Comme elle levait les yeux vers le ciel, poussée par un élan de rage et d'exigences supraterrestres, elle revit près d'elle les trois silhouettes sombres des esclaves, là depuis un instant déjà, quatre si l'on comptait la jeune Zoé, passant par-dessus l'épaule de sa mère Akashi, son minois rond, d'un beau noir brillant où s'écarquillaient deux grands yeux attentifs.

– Dame Angélique, fit la voix de Siriki perçant les brumes de sa détresse, nous savons le danger qui pèse sur ton enfant. Bakari-Temba se propose de t'aider.

– Qui est Bakari-Temba ? demanda Angélique après avoir fait effort pour retomber sur terre.

– Le fils d'Akashi. Son aîné.
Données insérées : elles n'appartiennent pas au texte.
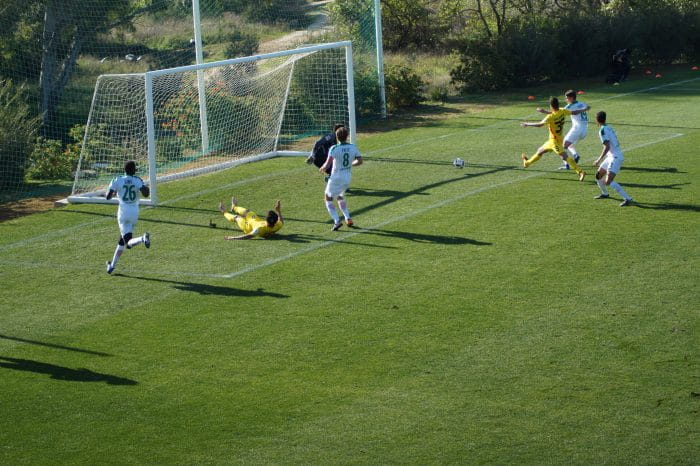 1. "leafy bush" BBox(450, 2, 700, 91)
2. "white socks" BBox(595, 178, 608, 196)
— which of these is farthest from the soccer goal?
"leafy bush" BBox(450, 2, 700, 91)

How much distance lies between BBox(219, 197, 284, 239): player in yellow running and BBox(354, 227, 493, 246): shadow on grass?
152 cm

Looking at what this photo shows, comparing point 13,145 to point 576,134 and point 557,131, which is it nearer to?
point 557,131

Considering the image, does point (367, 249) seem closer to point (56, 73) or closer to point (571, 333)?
point (571, 333)

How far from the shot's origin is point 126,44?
30.2 metres

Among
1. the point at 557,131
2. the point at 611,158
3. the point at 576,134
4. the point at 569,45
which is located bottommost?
the point at 611,158

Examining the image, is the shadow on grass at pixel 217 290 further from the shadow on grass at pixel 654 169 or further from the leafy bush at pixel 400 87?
the leafy bush at pixel 400 87

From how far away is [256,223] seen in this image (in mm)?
17422

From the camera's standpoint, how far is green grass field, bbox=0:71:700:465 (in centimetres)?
970

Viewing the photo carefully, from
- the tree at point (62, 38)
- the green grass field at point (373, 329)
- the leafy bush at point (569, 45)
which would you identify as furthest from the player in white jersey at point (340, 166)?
the leafy bush at point (569, 45)

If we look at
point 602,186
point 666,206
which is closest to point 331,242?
point 602,186

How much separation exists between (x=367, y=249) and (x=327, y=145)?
13.8 ft

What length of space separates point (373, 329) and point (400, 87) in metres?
19.8

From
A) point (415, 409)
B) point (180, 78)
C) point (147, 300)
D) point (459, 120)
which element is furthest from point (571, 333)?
point (459, 120)

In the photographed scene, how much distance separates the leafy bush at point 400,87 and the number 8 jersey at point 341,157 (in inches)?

Qui est venu avec elle du pays des herbes sèches, en Afrique, dont je suis aussi originaire.

À son dernier passage, Angélique n'avait fait qu'entrevoir la petite famille du fidèle serviteur des Manigault. Elle savait seulement que la belle Akashi était de nouveau enceinte.

Les yeux se portèrent sur le garçon que lui nommait Siriki. Il n'avait pas grandi depuis le jour où Joffrey de Peyrac l'avait acheté sur le quai de Newport, et où Angélique, reprenant conscience après une sévère maladie, l'avait aperçu aux côtés de Timothy, ce qui lui avait fait croire qu'elle se trouvait encore au royaume de Marocco, dans le harem de Moulay Ismaël. Il ne grandirait plus. Cela donnait l'impression que sa tête était devenue plus grosse et ses jambes plus grêles et plus torses, tandis que s'accentuait la courbure déviée d'une épaule.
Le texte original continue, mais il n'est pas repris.